No início do Século XIX, Napoleão Bonaparte tenta invadir Portugal e sobre Amarante passaram também estas invasões francesas, sendo palco do heroico episódio da defesa da Ponte de Amarante que valeu ao General Silveira o título de Conde de Amarante. A própria vila de Amarante teve a honra de ser agraciada com o colar da Ordem Militar da Torre e Espada que reflete no seu brasão municipal.
Após este episódio criam-se planos para a reconstrução da vila, pois os franceses tinham incendiado quase a totalidade das casas.
O Convento de Santa Clara, poderá ter sido construído no século XIII, embora não haja qualquer referência documental à sua instituição.
Conhece-se apenas uma carta de proteção dada por D. João I às clarissas em 1383, o que comprova que nesta data estava já plenamente estabelecido.
Foi Incendiado a 18 de abril de 1809, na sequência das invasões napoleónicas. Foi reconstruído e a partir de então, o antigo convento passou a designar-se Casa da Cerca.
Atualmente, o espaço da Casa da Cerca está adaptado a biblioteca e arquivo municipais de Amarante.
A capela da Casa da Cerca está classificada como Monumento de Interesse Público desde dezembro de 1974. Nela podem-se distinguir as quatro alas, o espaço do claustro onde se ergueu um chafariz e a igreja com torre sineira.
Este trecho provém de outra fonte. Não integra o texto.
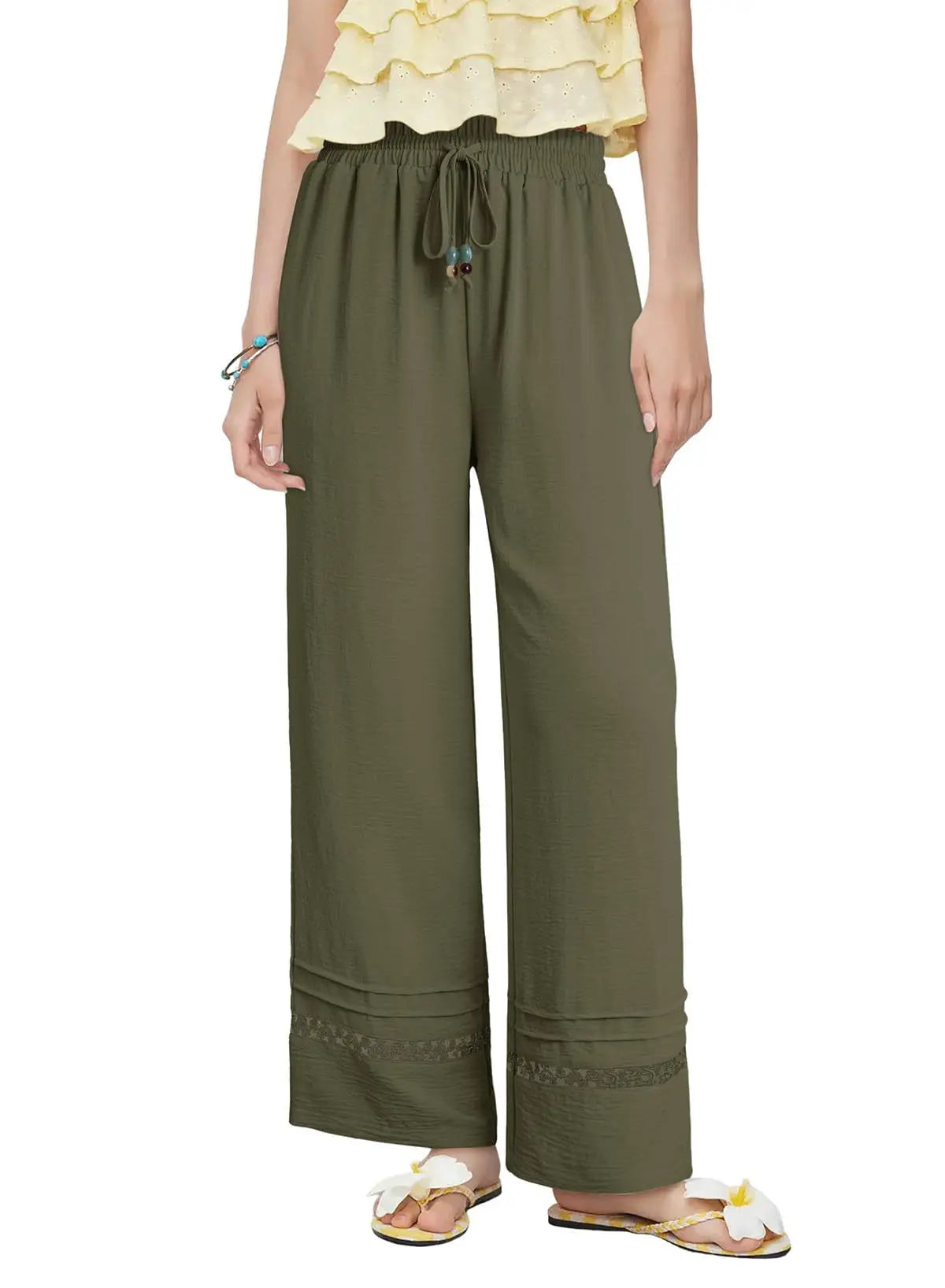 Women's Drawstring Wide-Leg Casual Trousers with Lace Hem Detail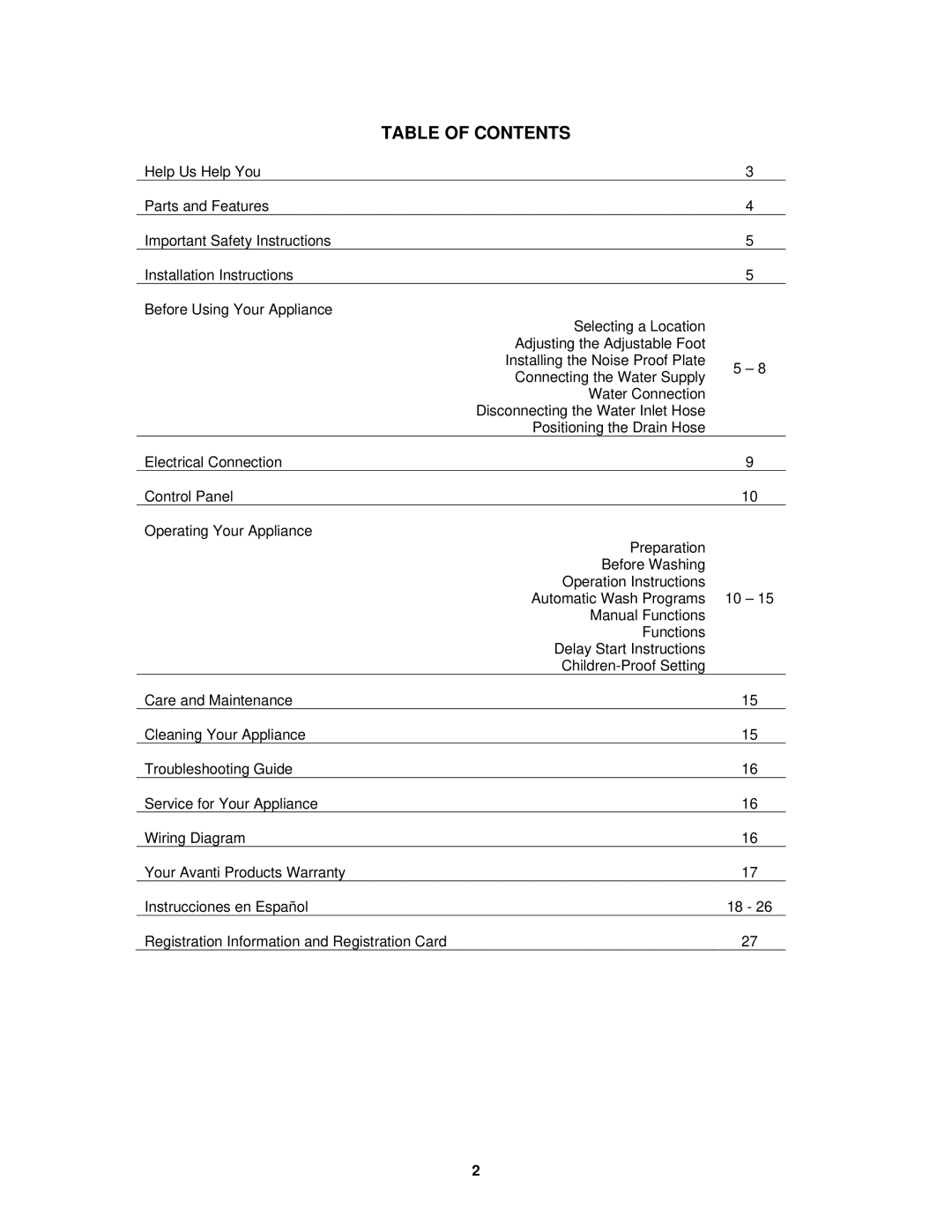 Avanti W798SS-1 instruction manual Table of Contents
A situação geográfica de Amarante condicionou a sua gastronomia. Por um lado, Amarante está situada entre o Minho e Trás- os-Montes, tendo a sua comida características de ambas as províncias. Por outro lado, atravessava Amarante a estrada real entre o Porto e o interior Transmontano. Aí paravam, para retemperar forças, viajantes sujeitos a penosas viagens de liteira, diligência ou a cavalo “[…] Os ovos desempenham igualmente um papel importante na confeção da doçaria que vai bem com o vinho fino do Douro, produzido logo ali a sul. As gemas para os doces, as claras para a clarificação do vinho. A doçaria nasce conventual, mas as Invasões Francesas, obrigando à retirada das clarissas, precipitam a sua difusão pelas famílias da vila. Uma referência especial às pastelarias, que continuam a garantir a amarantinos e sobretudo a viajantes os deliciosos Papos-de-Anjo, Foguetes, Lérias e Brisas do Tâmega que rivalizam em fama (diz-se em Amarante) com o convento e a ponte” .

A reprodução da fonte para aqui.